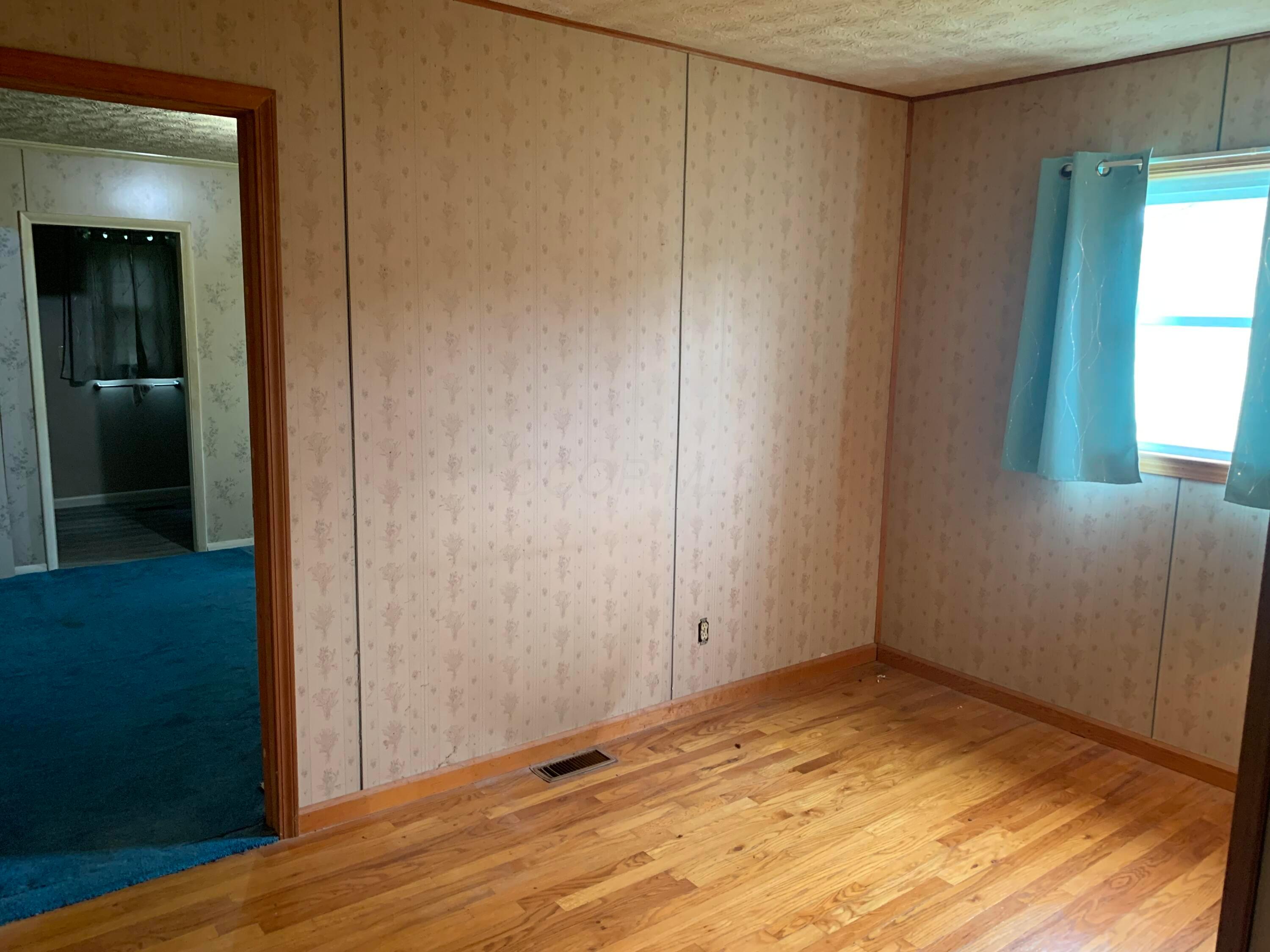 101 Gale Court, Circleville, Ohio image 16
- - - - -
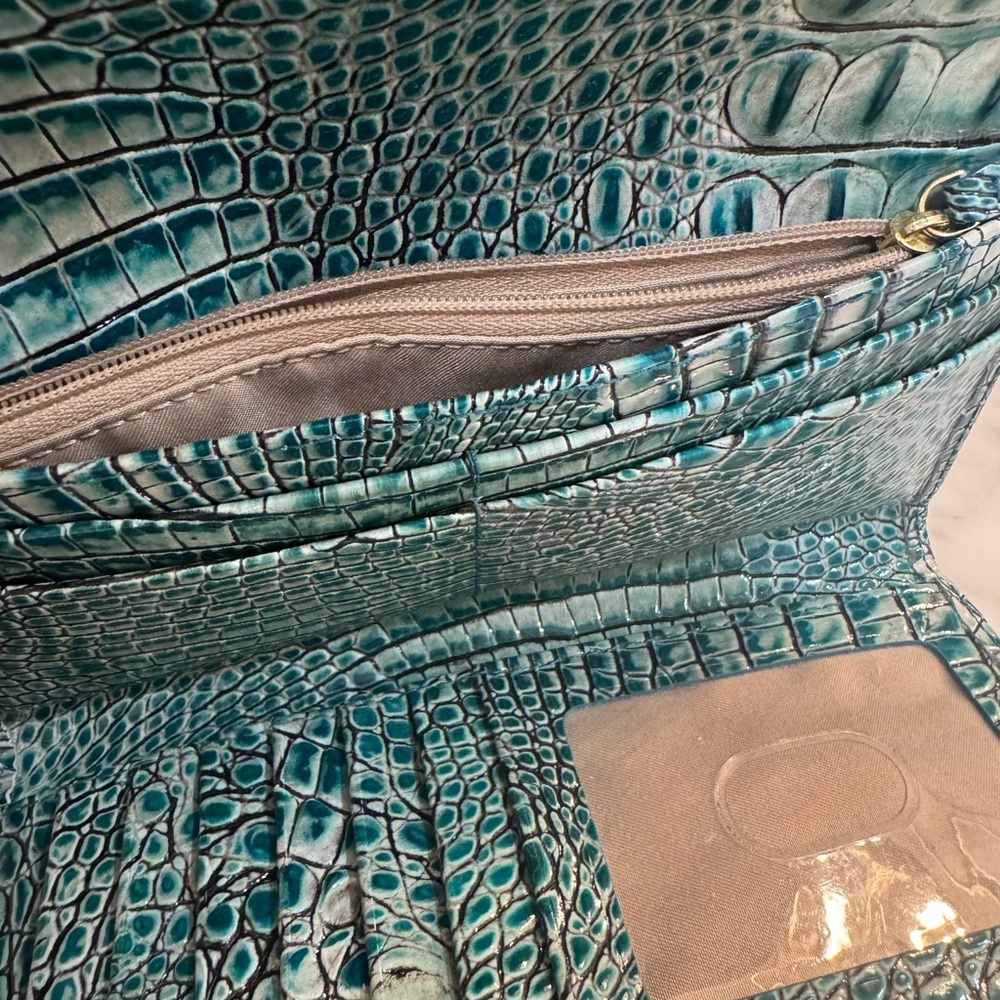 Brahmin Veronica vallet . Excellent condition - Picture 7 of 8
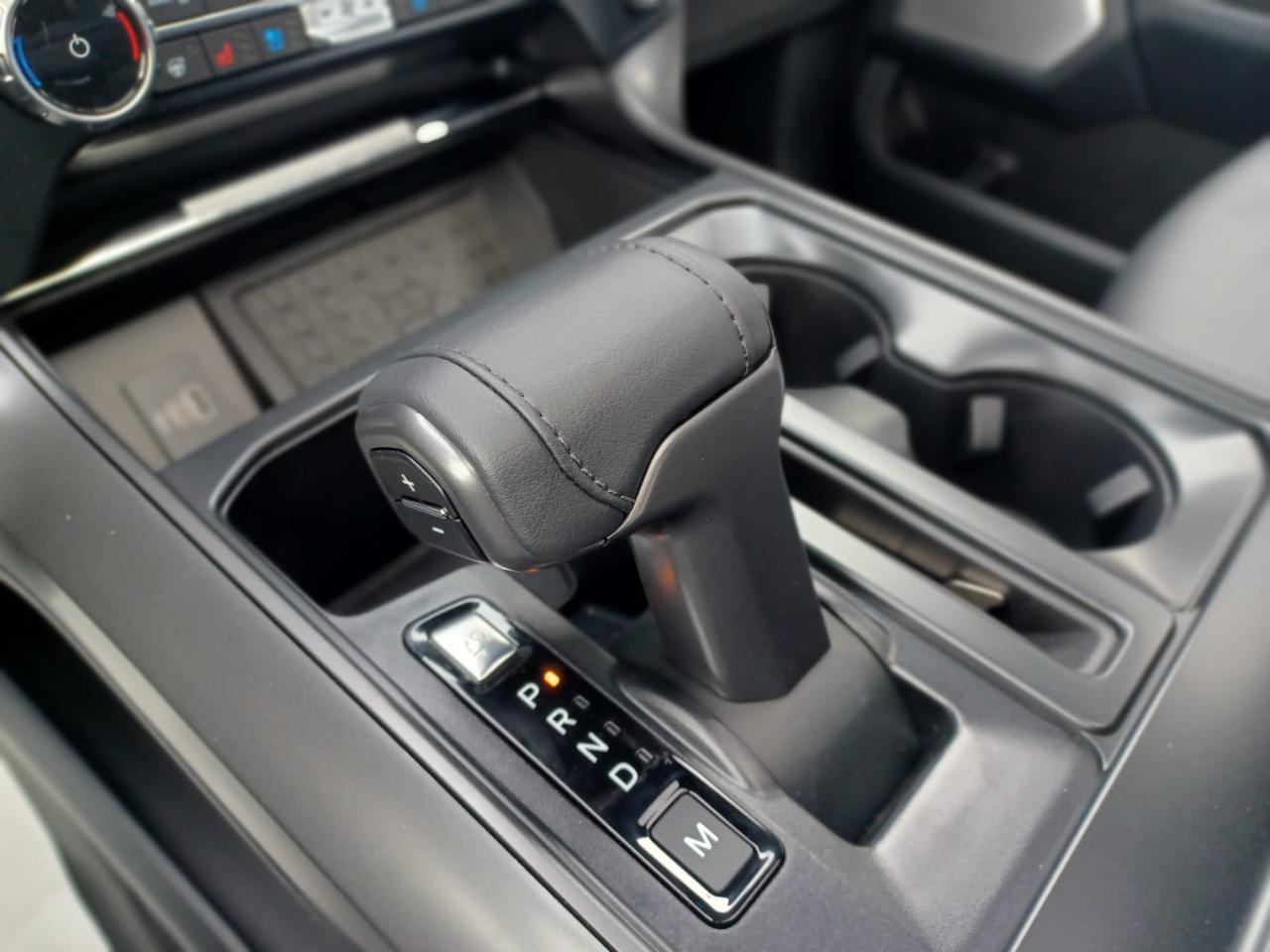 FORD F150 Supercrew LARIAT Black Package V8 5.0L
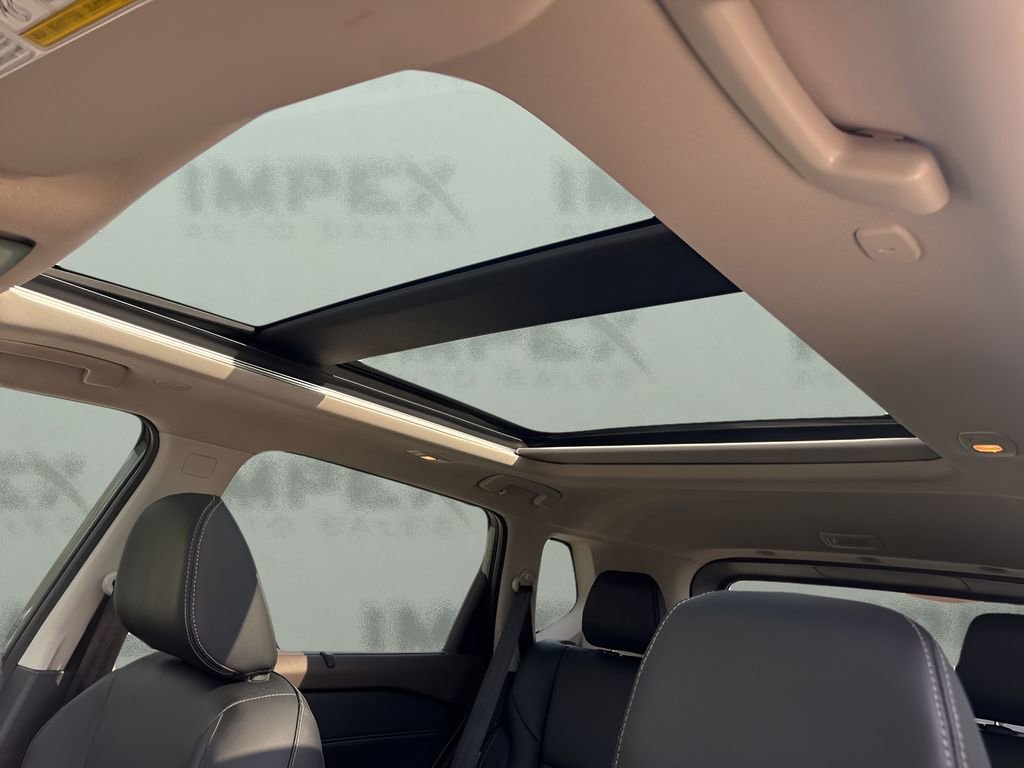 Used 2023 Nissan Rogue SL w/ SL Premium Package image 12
- - - - -
Exercise prompt - Restate word for word every line from the one with "FORD F150 Supercrew" up to and including the one with "Used 2023 Nissan" in the records above, minus the pictures.

Exercise answer -
 FORD F150 Supercrew LARIAT Black Package V8 5.0L
 Used 2023 Nissan Rogue SL w/ SL Premium Package image 12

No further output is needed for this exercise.